> [Scraped caption text data]:
++++++++++

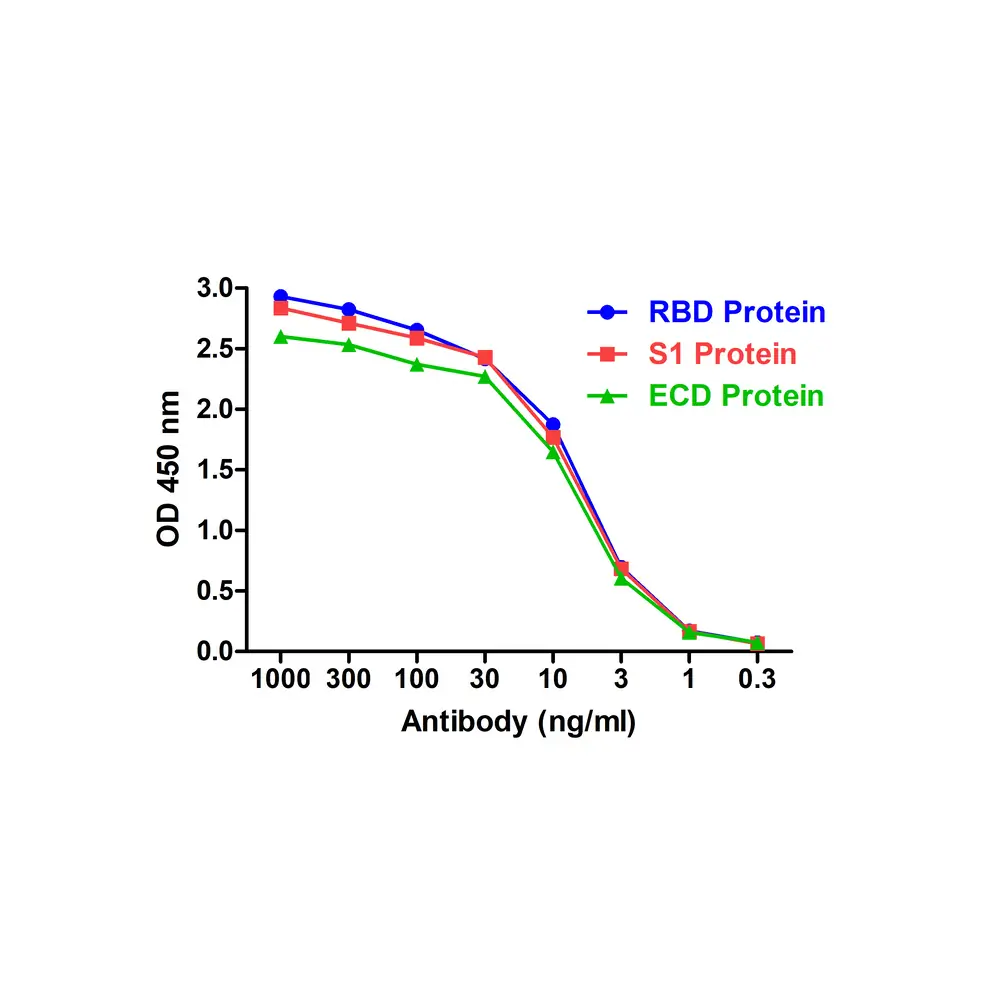 ProSci SD9439_S SARS-CoV-2 (COVID-19) S1 RBD Single Domain Antibody [T5P4-A12], ProSci, 0.02 mg/Unit Secondary Image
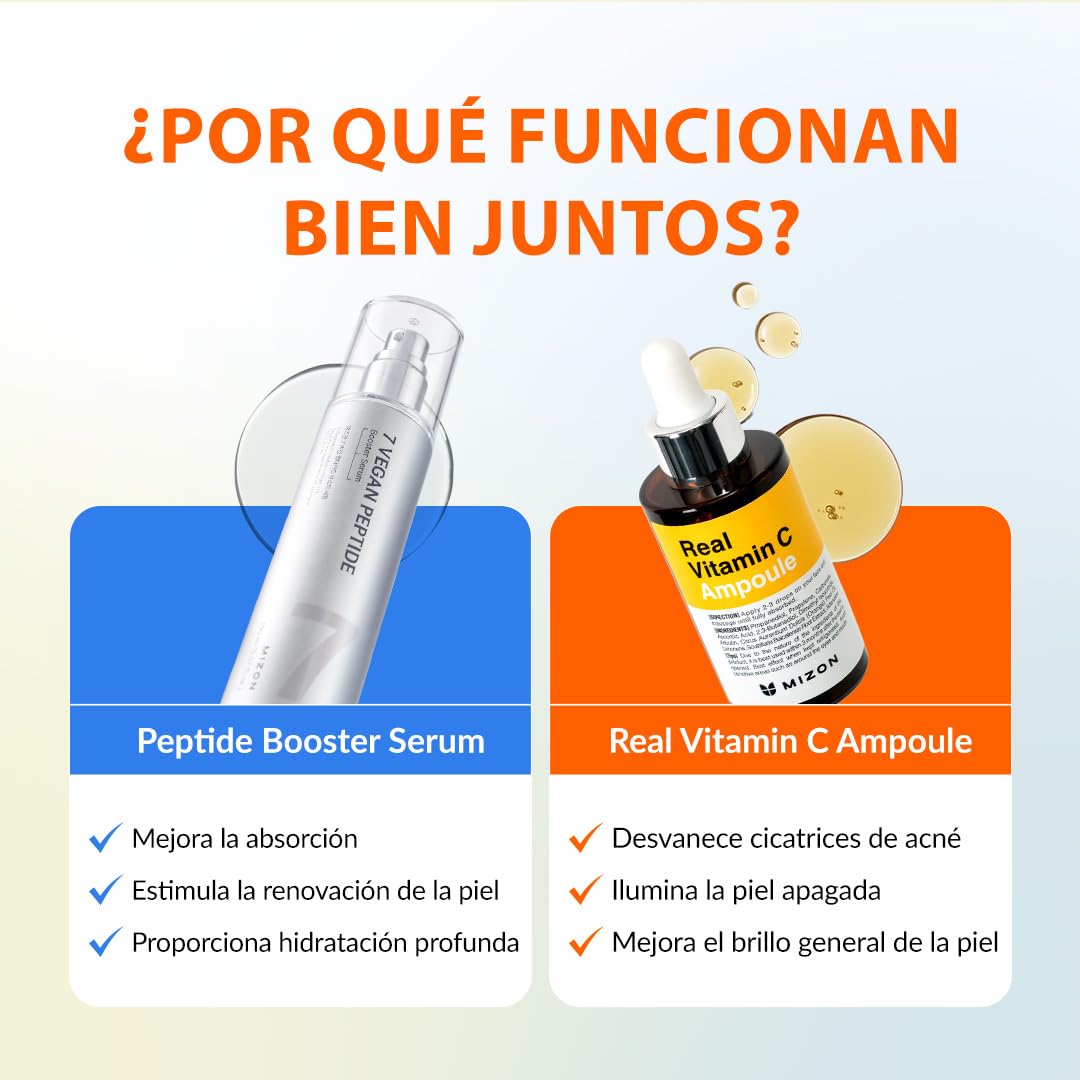 [MIZON] CLEAR'N'BOOST VITAMIN C SYNERGY SET - Vegan Peptide Booster Serum 150 ml + Real Vitamin C Ampoule 30 ml, rutina coreana de cuidado facial para glow, tono uniforme, poros y líneas finas
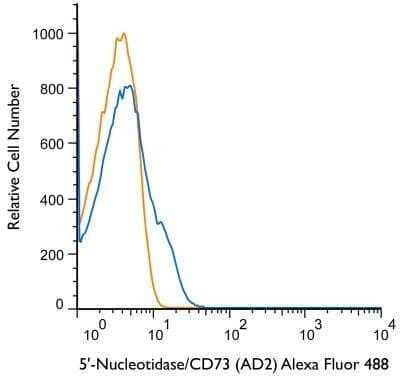 Flow Cytometry: 5'-Nucleotidase/CD73 Antibody (AD2) - Azide and BSA Free [NBP2-80552] - A surface stain was performed on CD3+ human peripheral blood lymphocytes with CD73 (AD2) antibody NBP2-48480AF488 and a matched isotype control NBP2-27287AF488. Cells were incubated in an antibody dilution of 10 ug/mL for 20 minutes at room temperature. A co-stain was performed with NBP2-25186PCP. Image from the standard format of this antibody.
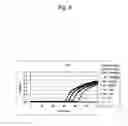 Fig. 09 - Method of Detecting Individual Encapsulated Influenza Viruses, Primer Set for the  Detection and Kit for the Detection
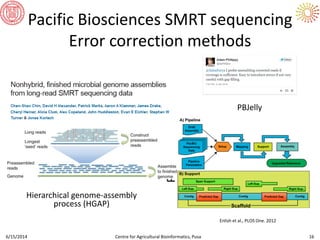 Pacific Biosciences SMRT sequencing
Error correction methods
6/15/2014 Centre for Agricultural Bioinformatics, Pusa 16
Hierarchical genome-assembly
process (HGAP)
PBJelly
Enlish et al., PLOS One. 2012
PBJelly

++++++++++

> [Your task]:
Copy exactly, and only, the lines from the line that contains "6/15/2014 Centre for" through the end of the data above.

> [Written response]:
6/15/2014 Centre for Agricultural Bioinformatics, Pusa 16
Hierarchical genome-assembly
process (HGAP)
PBJelly
Enlish et al., PLOS One. 2012
PBJelly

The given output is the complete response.